Omeyya did as he was bidden. In answer the silvery crescent loomed up on the bleak rock, with its horns gradually lengthening downward until it completed the shape of an oval door opening to an arched space, brilliant with dazzling light. In the heart of the vault thus revealed there stood, perched on a block of onyx, a large heron, white as snow from its crop down, the rest of the plumage sky-blue traversed by lines of hieroglyphics in relief set in jewels of every hue with a predominance of the ruby and the amethyst. The scintillant hieroglyphics were irregularly scattered over the body of the mystic bird, thicker along the wings and thickest around the breast and the gracefully elongated neck; the eyes in the beautiful head were of topaz, and the long bill of burnished gold, pointed with black diamonds. Of a deep lapis-lazuli color was the heron’s tail, spreading to the dimensions of the peacock’s and furnishing a field for star-like configurations set in sparkling pearls, emeralds, sapphires, beryls, chrysolites, carbuncles, sards, and a variety of the jasper and the ligure, while the black of his legs was likewise relieved by kabbalistic lines in rare gems.

“By the genii of Amenti, the masters who fashioned thee in the beginning to be the symbol and oracle of Osiris, O, Phœnix! I adjure thee to accept this youth in my stead as thy favorite, and to answer his call as soon as he shall decipher the emblems that move the spirits of thy mystery,” screamed the sibyl, vociferously.

Omeyya’s eyes dilated in amazement. The bird’s inanimate form gave signs of life. Ruffling his great plumes, he displayed a blaze of variegated gems, flashing like so many brilliant stars. From his feather train issued a haze of golden orange, changed into a flame of carmine, which consumed the bird and left the place to its previous dinginess.

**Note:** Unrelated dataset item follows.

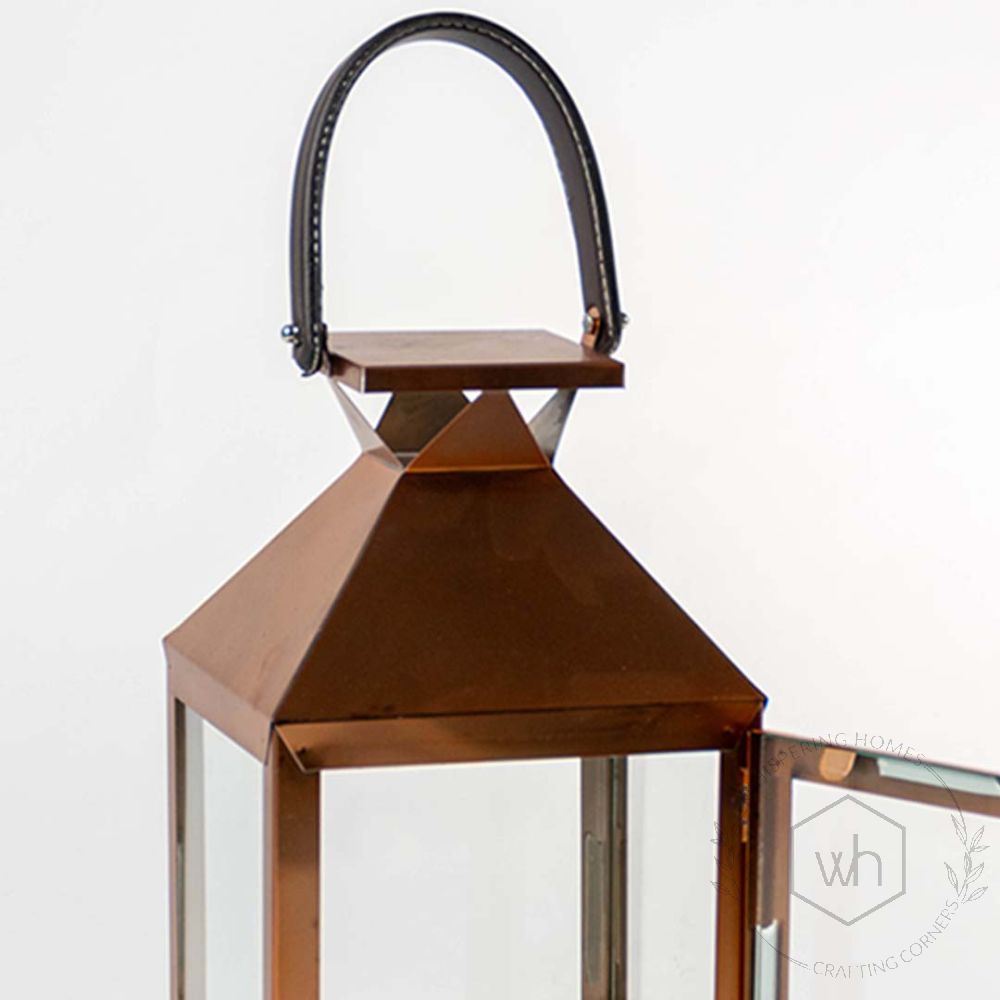 Claire Metal Lantern Rose Gold - Large Closeup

“Mark me well, for death is upon me!—The rod in thy hand holds the key to the mystery thou art to unriddle in Fatma’s great school, during a period of strict abstinence from carnal pleasures. For thirty-seven months thou shalt drink the dew of the morning, shalt bathe at new moon in the River of Pearls, sleep within canvas-walls, so that thy nature be untainted and thou worthy of the power the revealed arcana insure for thee,” exclaimed the sibyl, never to speak again. With the last word her shrivelled frame fell lifeless to the ground.

Omeyya suspected that the rod contained something to be studied. On examining it in full light he found the upper end, looking like a carved handle, to be a closing stopple removable by a turn. From the hollow of the rod he pulled forth a rolled up papyrus. The unrolling of the document proved it to be much larger than it at first appeared, and Omeyya looked with concentrated attention at the life-like picture of the phœnix it represented, the shining hieroglyphics being startlingly reproduced. Having reverently buried his foster-mother and possessed himself of the hoard, Omeyya abandoned the gloomy abode of his boyhood, earnestly resolved to comply most scrupulously with the directions of the sibyl.

When we meet Omeyya at the Kairouin of Fez he is at the close of his probationary period, and we need not be surprised to see him one new moon’s eve on the bank of Elmahassen, rod in hand, ready to test the occult science acquired during years of assiduous application.